[[ Material for this task open ]]
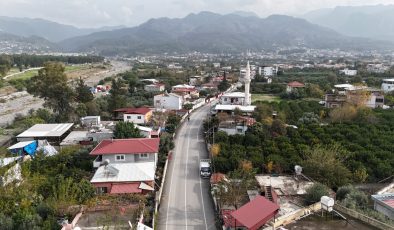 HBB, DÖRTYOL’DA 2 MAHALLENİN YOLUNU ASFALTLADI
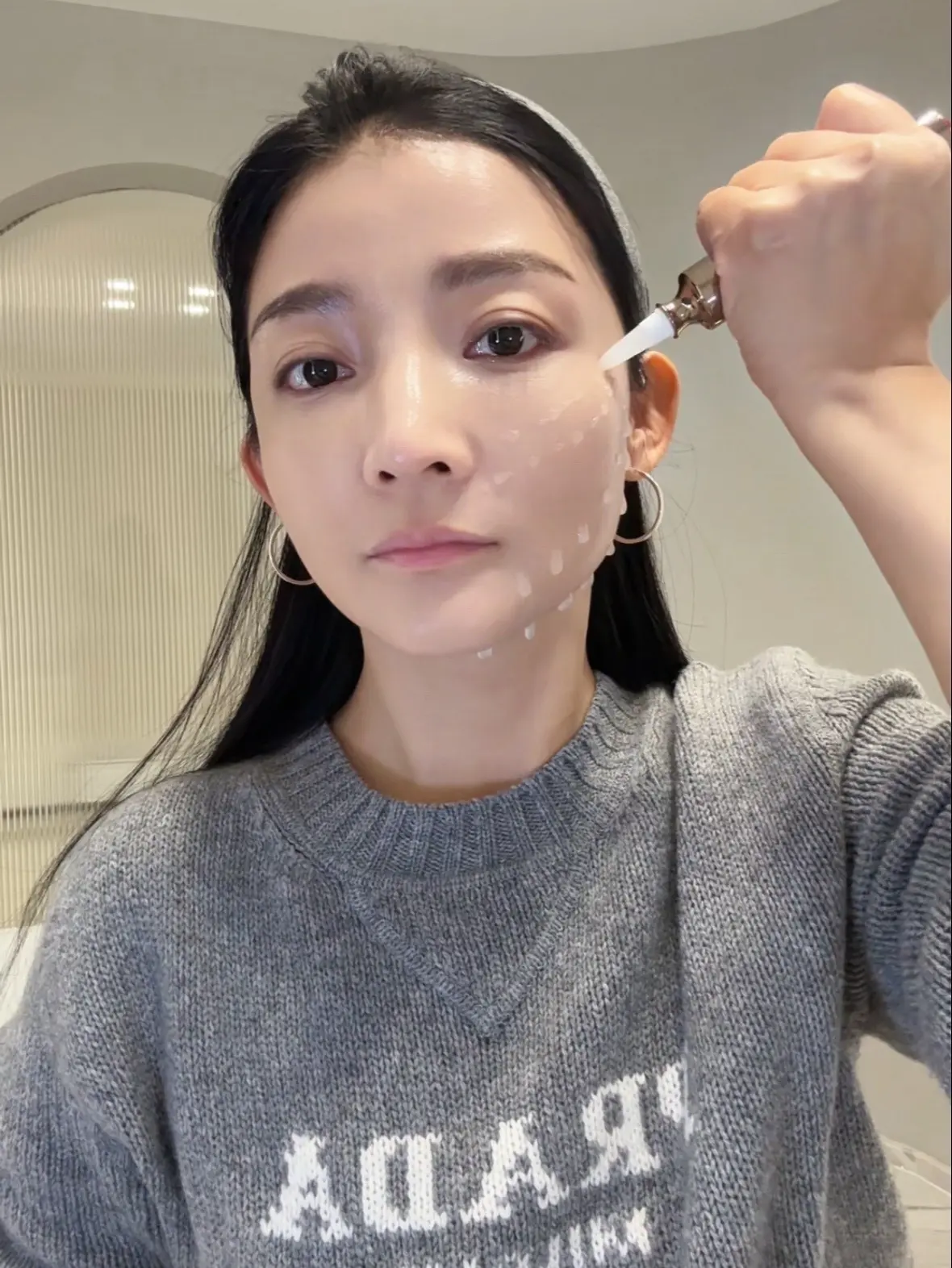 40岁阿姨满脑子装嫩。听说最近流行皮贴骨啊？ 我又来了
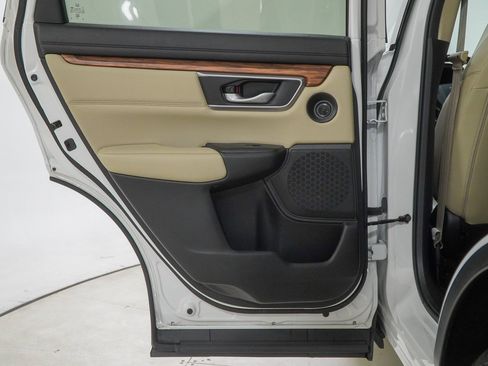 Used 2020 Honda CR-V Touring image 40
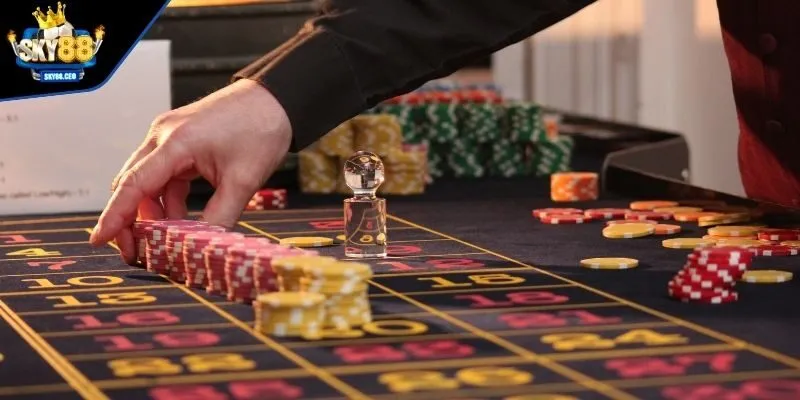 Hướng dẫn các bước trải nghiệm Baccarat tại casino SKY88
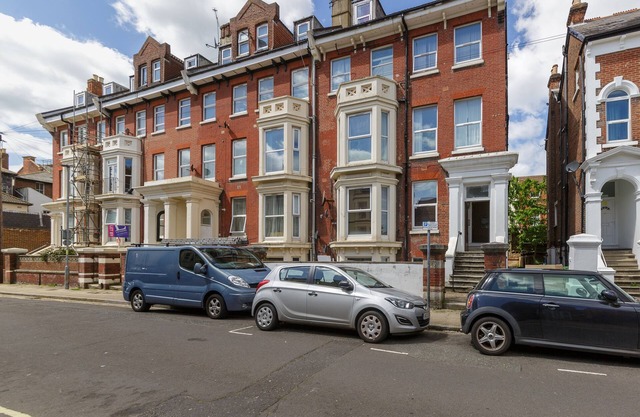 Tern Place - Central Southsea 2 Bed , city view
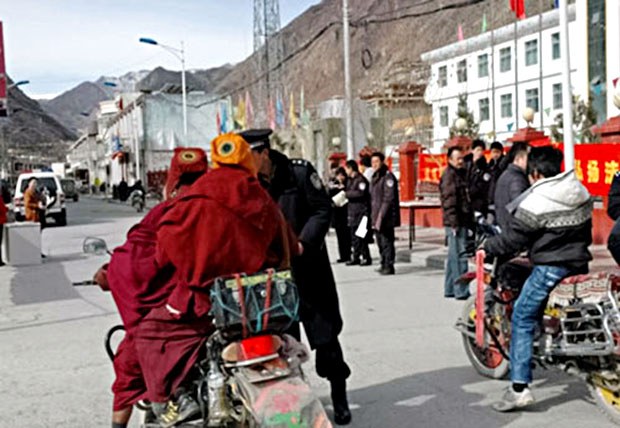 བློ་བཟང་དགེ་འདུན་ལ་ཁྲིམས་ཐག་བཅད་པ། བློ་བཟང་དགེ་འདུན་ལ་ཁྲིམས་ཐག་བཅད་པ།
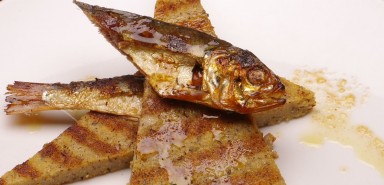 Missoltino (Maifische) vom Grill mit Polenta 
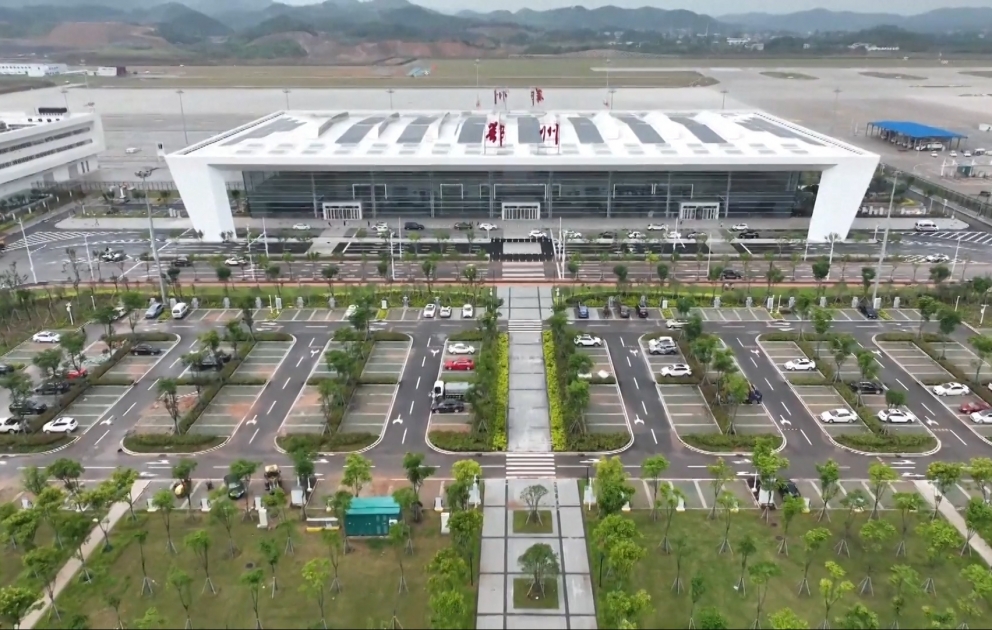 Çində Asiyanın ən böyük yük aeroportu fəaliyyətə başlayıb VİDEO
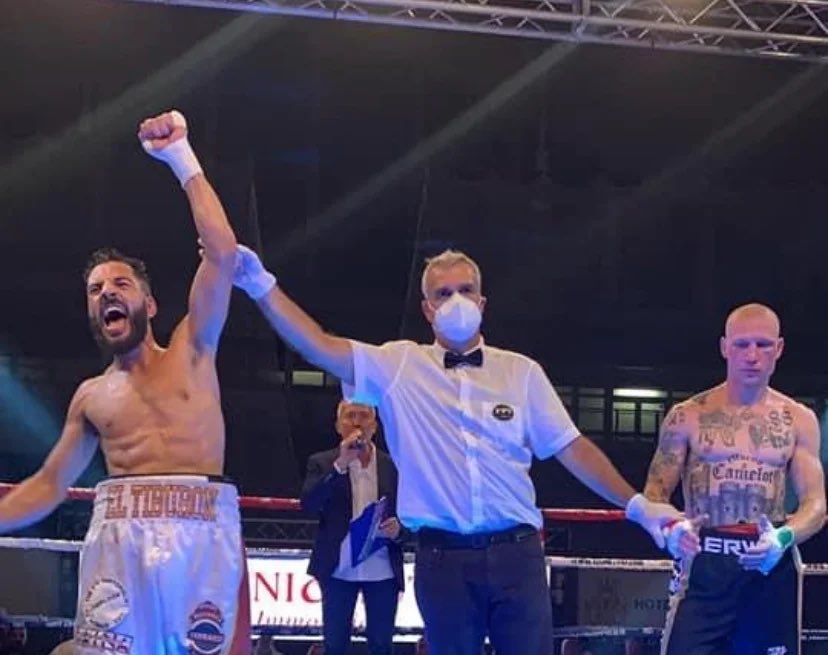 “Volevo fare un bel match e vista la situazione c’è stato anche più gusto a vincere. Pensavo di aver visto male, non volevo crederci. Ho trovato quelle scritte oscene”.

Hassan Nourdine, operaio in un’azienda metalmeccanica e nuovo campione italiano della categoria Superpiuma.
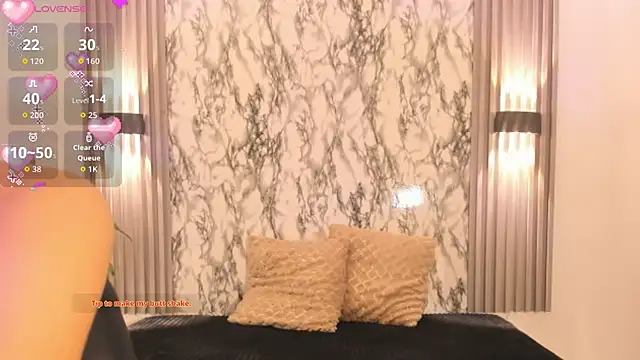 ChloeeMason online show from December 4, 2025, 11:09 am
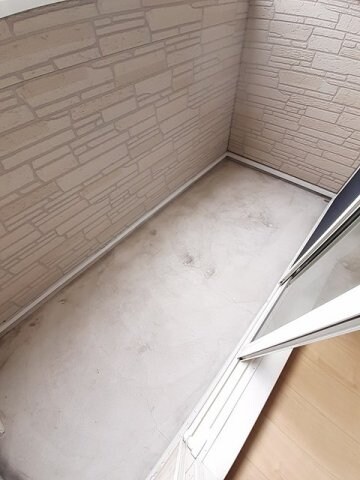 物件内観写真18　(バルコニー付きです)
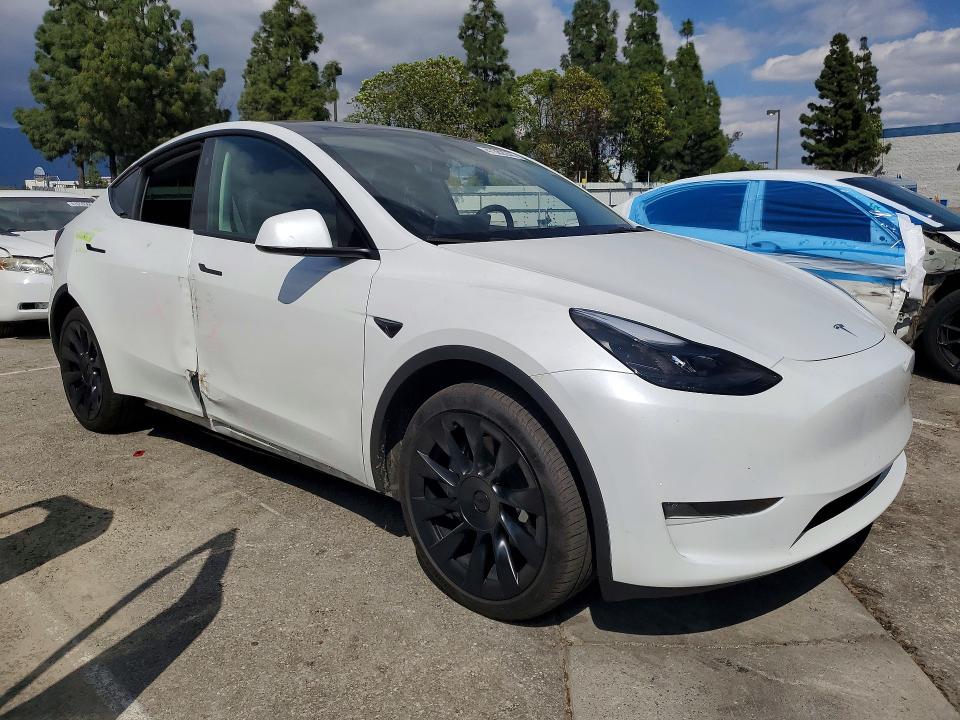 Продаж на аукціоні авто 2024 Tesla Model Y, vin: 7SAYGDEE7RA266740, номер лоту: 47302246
[[ Material for this task closed ]]
■ Your objective
Write out the records once more, word for word, though without the pictures they contain.

■ Output of the exercise
 HBB, DÖRTYOL’DA 2 MAHALLENİN YOLUNU ASFALTLADI
 40岁阿姨满脑子装嫩。听说最近流行皮贴骨啊？ 我又来了
 Used 2020 Honda CR-V Touring image 40
 Hướng dẫn các bước trải nghiệm Baccarat tại casino SKY88
 Tern Place - Central Southsea 2 Bed , city view
 བློ་བཟང་དགེ་འདུན་ལ་ཁྲིམས་ཐག་བཅད་པ། བློ་བཟང་དགེ་འདུན་ལ་ཁྲིམས་ཐག་བཅད་པ།
 Missoltino (Maifische) vom Grill mit Polenta 
 Çində Asiyanın ən böyük yük aeroportu fəaliyyətə başlayıb VİDEO
 “Volevo fare un bel match e vista la situazione c’è stato anche più gusto a vincere. Pensavo di aver visto male, non volevo crederci. Ho trovato quelle scritte oscene”.

Hassan Nourdine, operaio in un’azienda metalmeccanica e nuovo campione italiano della categoria Superpiuma.
 ChloeeMason online show from December 4, 2025, 11:09 am
 物件内観写真18　(バルコニー付きです)
 Продаж на аукціоні авто 2024 Tesla Model Y, vin: 7SAYGDEE7RA266740, номер лоту: 47302246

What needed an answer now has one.